Why I sell my broiler chicks in Tanzania and Uganda

Charles Gitata in his poultry farm in Nyeri. PHOTO | BONIFACE MWANGI | NATION MEDIA GROUP

What you need to know:

  • His business has grown since then, expanding particularly after he started breeding and rearing broilers for hotels and lodges.
  • For the chicks, Gitata, who holds a Diploma in Poultry Management from Harper Adams Agricultural Collage in London, says high demand and good prices in Tanzania and Uganda have made him explore the markets.
  • A farmer is required to have an import permit from the importing country and export licence from the Ministry of Livestock and Fisheries to sell the chicks in the countries.

Some cluck, others flap their wings or feed from the troughs, while the rest laze about in the chicken coop on the five-acre farm in King’ong’o, Nyeri.

Farmer Charles Gitata opens the door of the poultry house measuring 54 by 130 feet, one of the five he has.

The birds, kept under the deep litter system and are of the broiler breed, mob him as he adds feeds in the tube feeders.

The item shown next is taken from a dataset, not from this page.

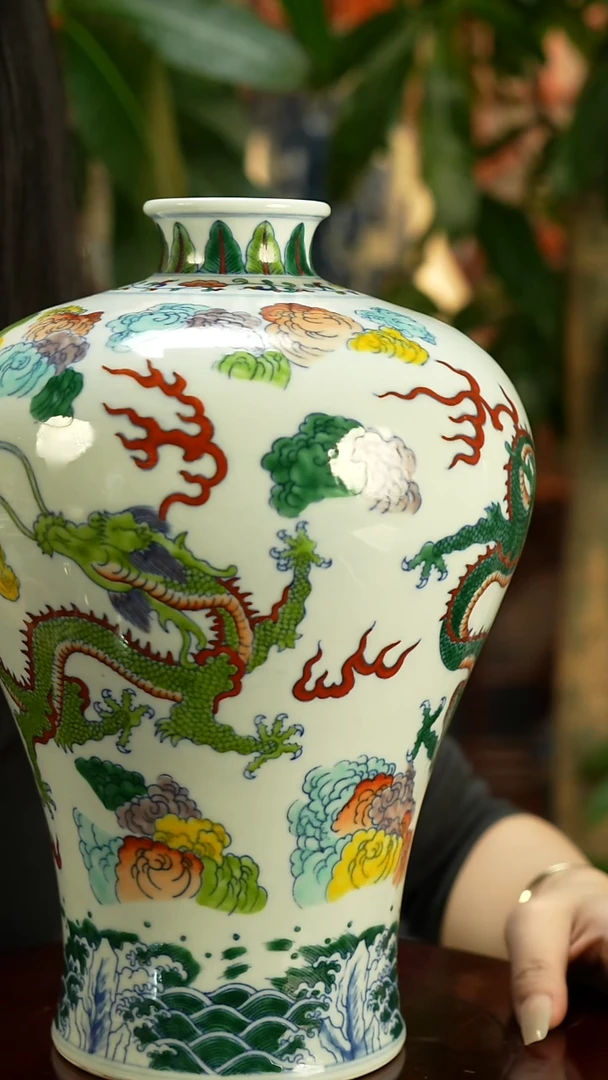 其他瓷斗彩梅瓶一只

The farmer rears the broilers for meat, which he sells to hotels, and hatches chicks for clients in the neighbouring countries.

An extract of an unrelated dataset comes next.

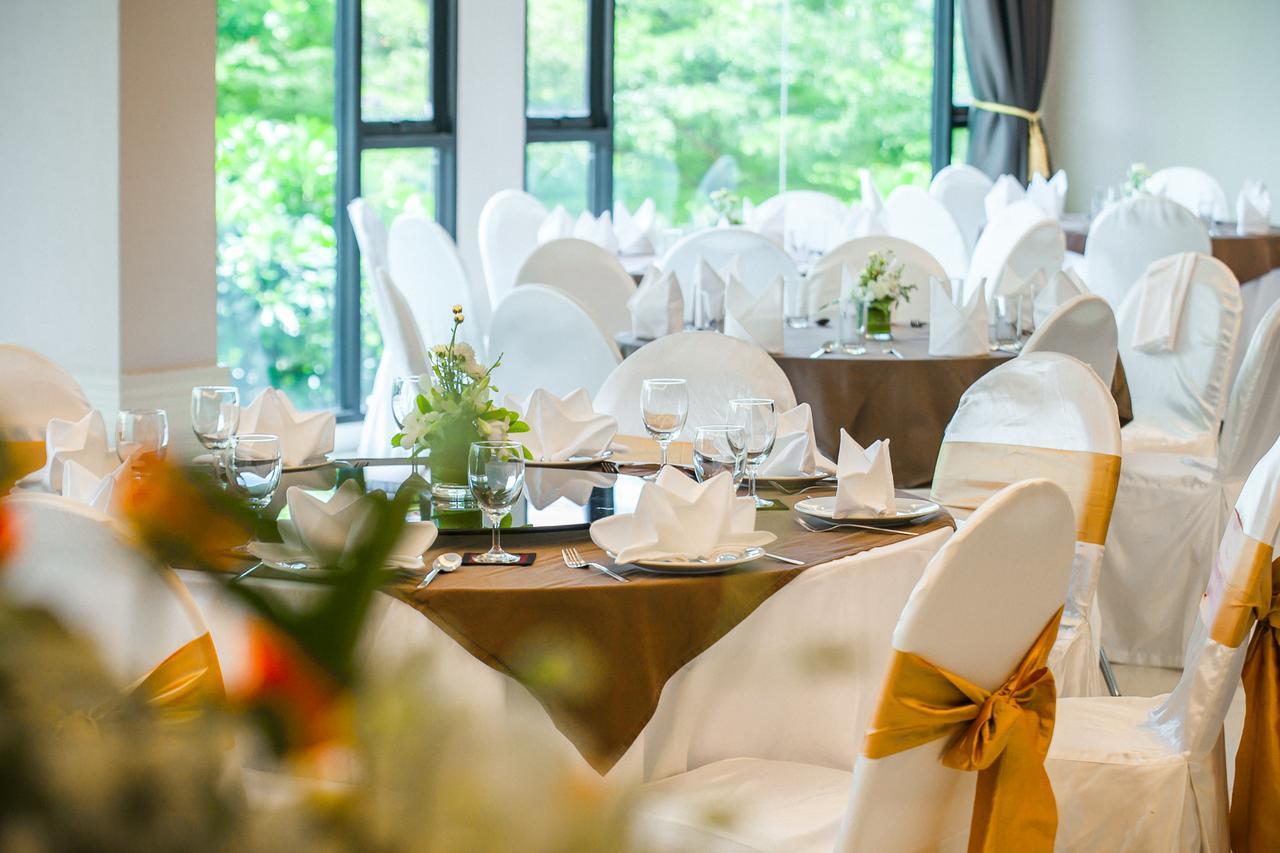 Fifth Pattaya Jomtien By Shiwalai Int Hotel Exterior photo A wedding reception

In a week, he produces more than 15,000 broiler chicks from his breeding stock (broiler breeders), which comprises of 3,400 hens and 300 cockerels.

“My incubator has a capacity of 30,000 eggs. I sell 80 per cent of all the broiler meat to hotels, lodges and households in Nyeri and Nairobi counties at between Sh270-Sh300 per bird.”

For the chicks, Gitata, who holds a Diploma in Poultry Management from Harper Adams Agricultural Collage in London, says high demand and good prices in Tanzania and Uganda have made him explore the markets.

In Tanzania and Uganda, the farmer sells his broiler chicks at Sh75 while in Kenya, the same goes for as low as Sh40.

“I thank it all to my wife Saida Juma who has several friends in Tanzania.  She was instrumental in helping me focus on the two countries by getting me my first customers as prices in the local market went down,” says Gitata, who is the CEO of the business that he has been running since 1993.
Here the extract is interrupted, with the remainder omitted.